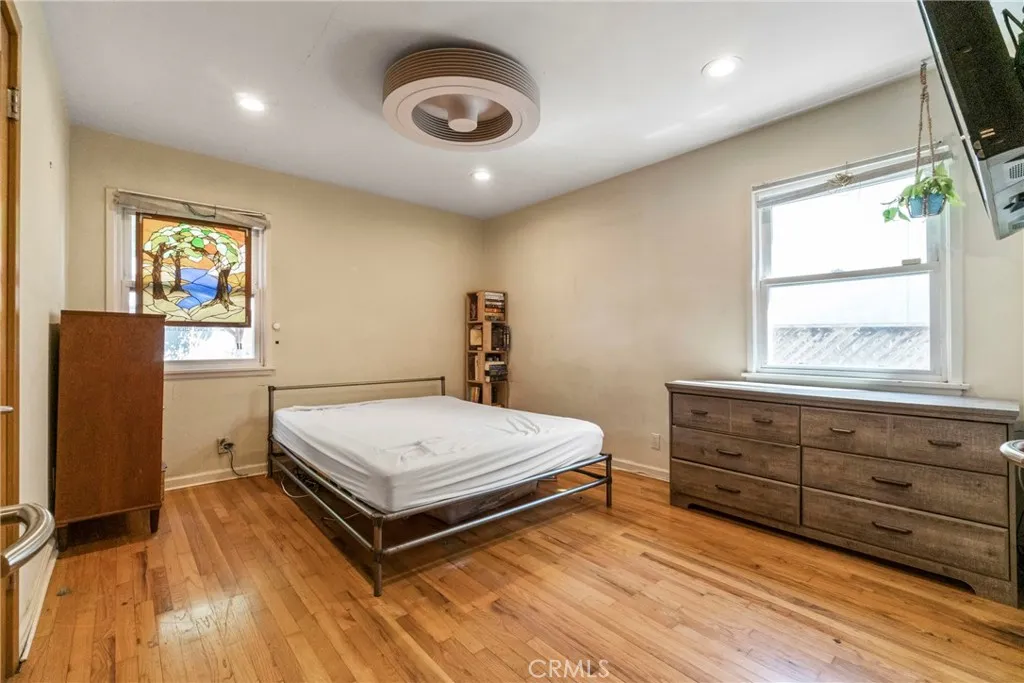 10728 Barman Avenue, Culver City, California 90230 home-pic-10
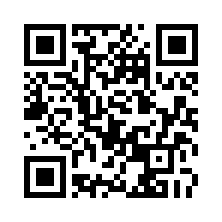 QR Code for 1LDxtGHhsWeb3QnCiuQ8Ss9oKk3DHD8Fzj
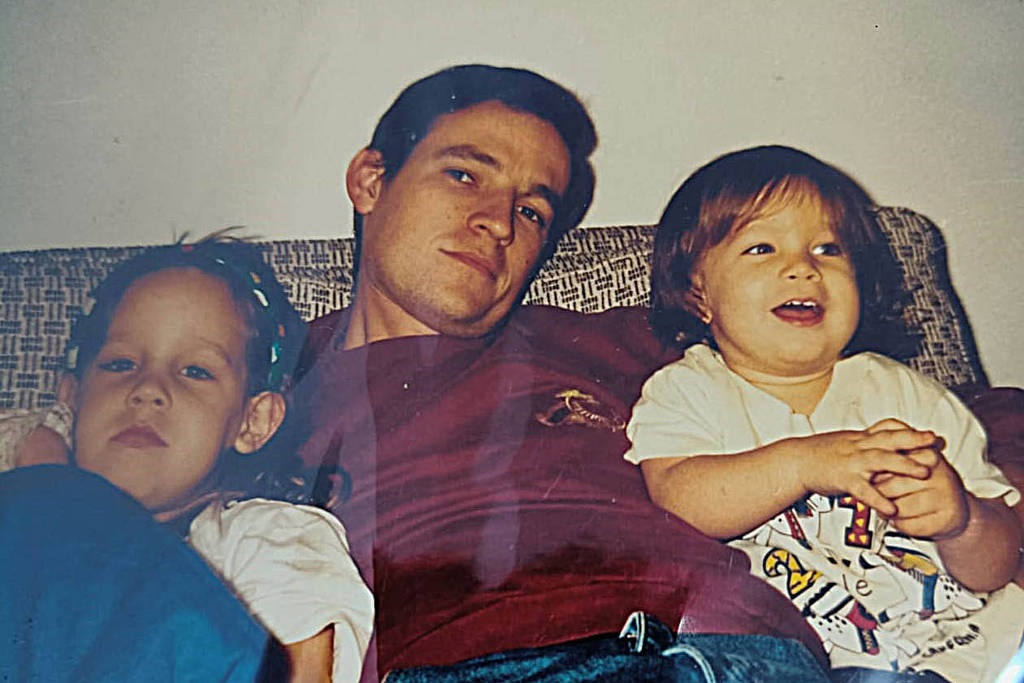 Corpo de refém brasileiro encontrado morto em Gaza é enterrado em Israel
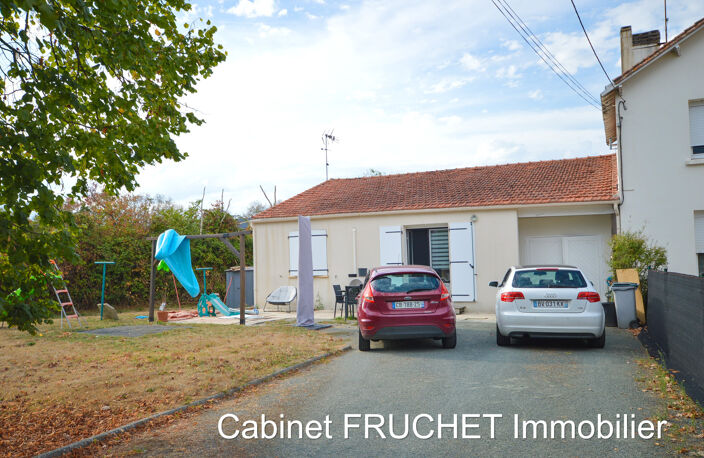 BELLEVIGNY - Spécial investisseurs ! — photo 3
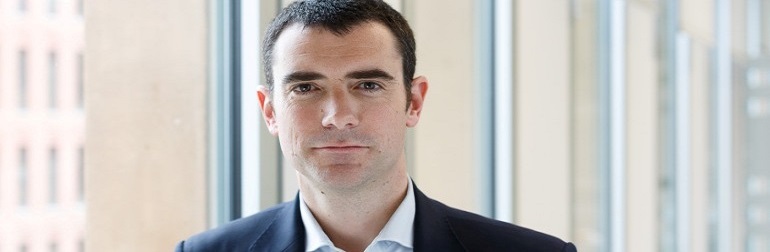 Wolters Kluwer lanza la solución cloud a3EQUIPO | cuadro de mando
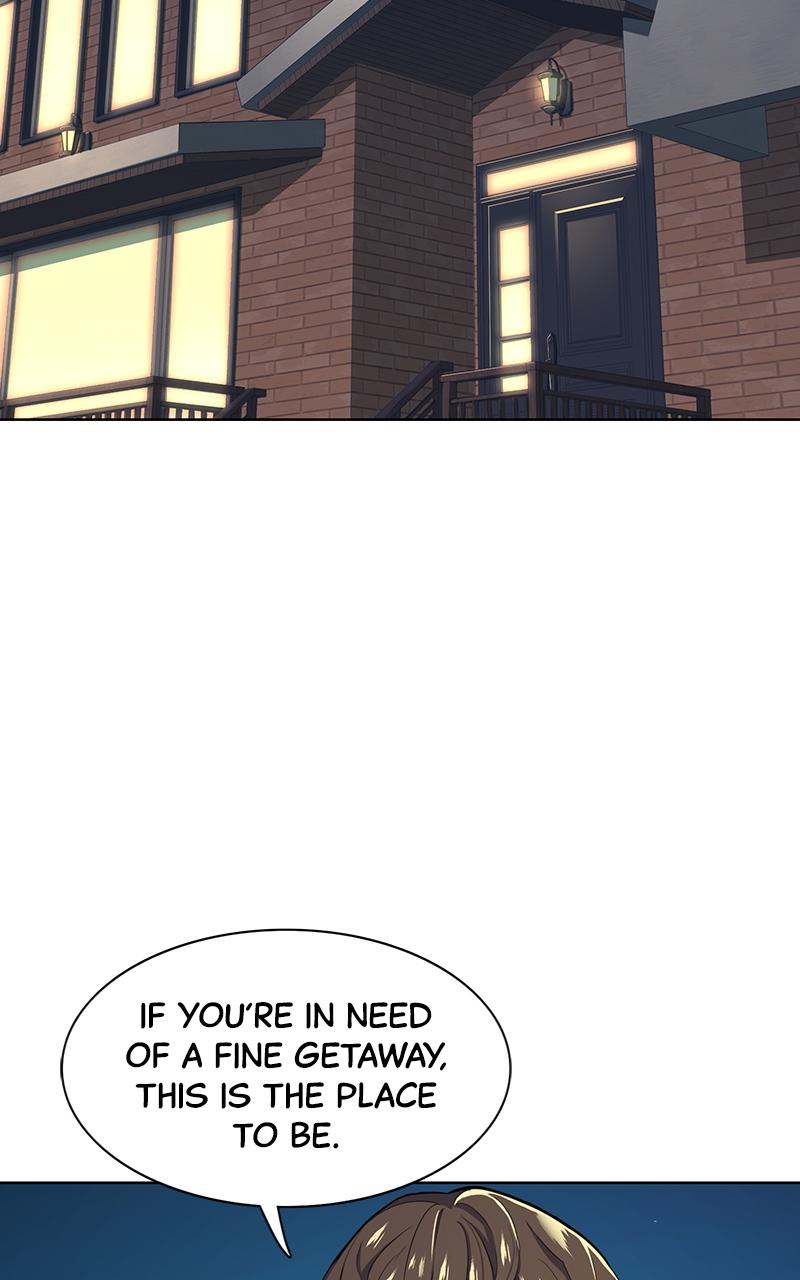 Reborn Rich Chap 16 - Next Chap 17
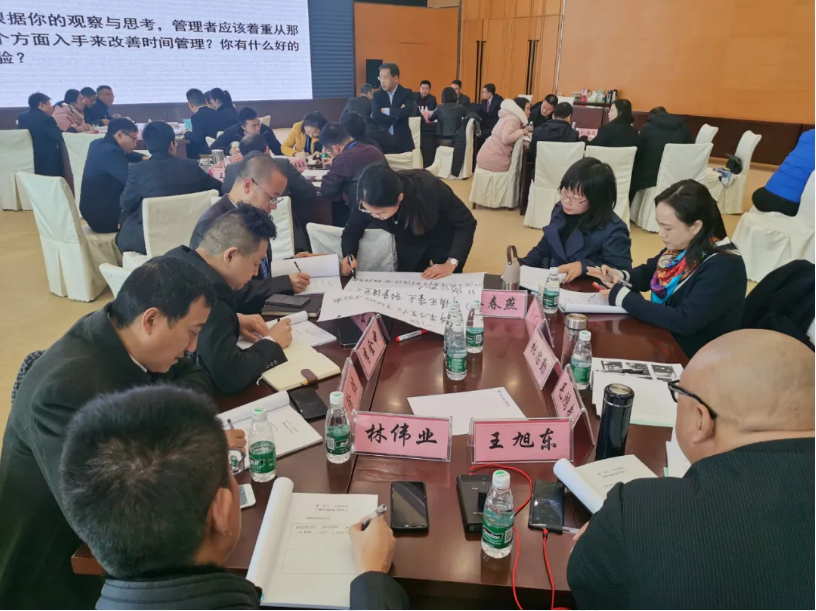 尊龙凯时·(中国) 官网注册入口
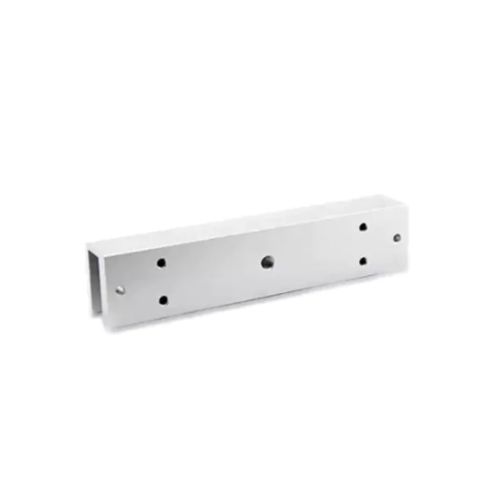 ZKTeco U Bracket AL 280PU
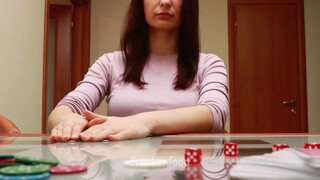 【Stop-motion Animation】This is how the money in your wallet disappears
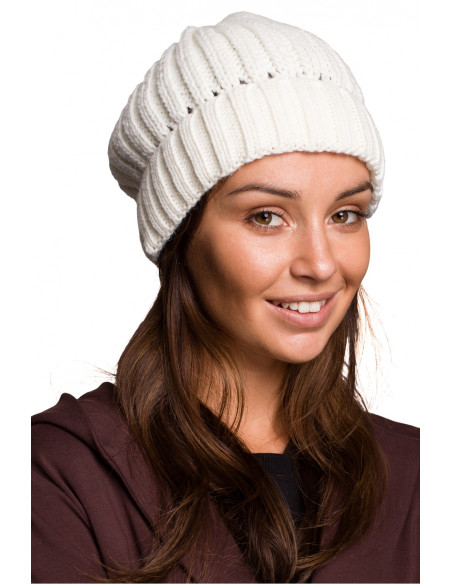 Bonnet model 148908 BE Knit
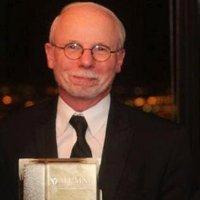 Retired Professor. Fulbright. Runner. Red Sox fan. Steelers fan.  Book reviewer. Dog lover.  Student of Latin American Affairs. Member, 69th Airborne Panzers.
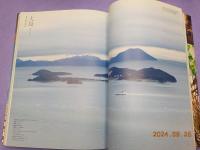 瀬戸内国際芸術祭　2010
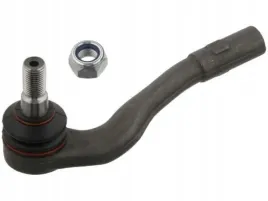 febi-bilstein-22615-koncowka-drazka-kierowniczego-poprzecznego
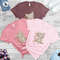 MR-47202375627-shirts-for-her-cat-mom-shirt-gifts-for-cat-lovers-gift-for-image-1.jpg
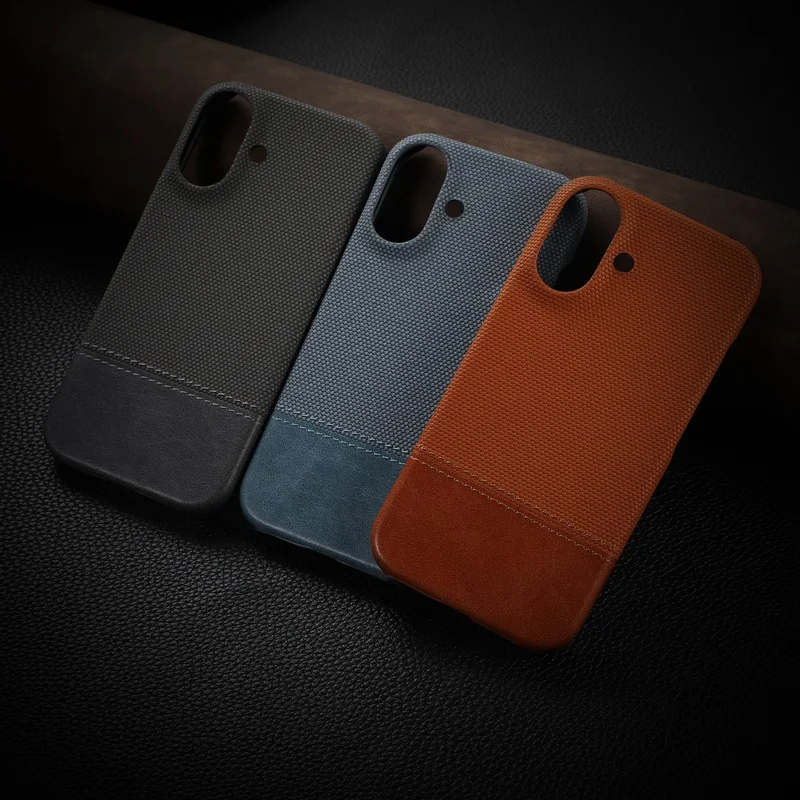 product image - 7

■ ■ ■ ■

* **WHAT THIS TASK INVOLVES**: Leave the pictures out and reproduce exactly the lines from the top of the listing above through the line with "Bonnet model 148908 BE Knit".

* **SOLUTION BELOW**:
 10728 Barman Avenue, Culver City, California 90230 home-pic-10
 QR Code for 1LDxtGHhsWeb3QnCiuQ8Ss9oKk3DHD8Fzj
 Corpo de refém brasileiro encontrado morto em Gaza é enterrado em Israel
 BELLEVIGNY - Spécial investisseurs ! — photo 3
 Wolters Kluwer lanza la solución cloud a3EQUIPO | cuadro de mando
 Reborn Rich Chap 16 - Next Chap 17
 尊龙凯时·(中国) 官网注册入口
 ZKTeco U Bracket AL 280PU
 【Stop-motion Animation】This is how the money in your wallet disappears
 Bonnet model 148908 BE Knit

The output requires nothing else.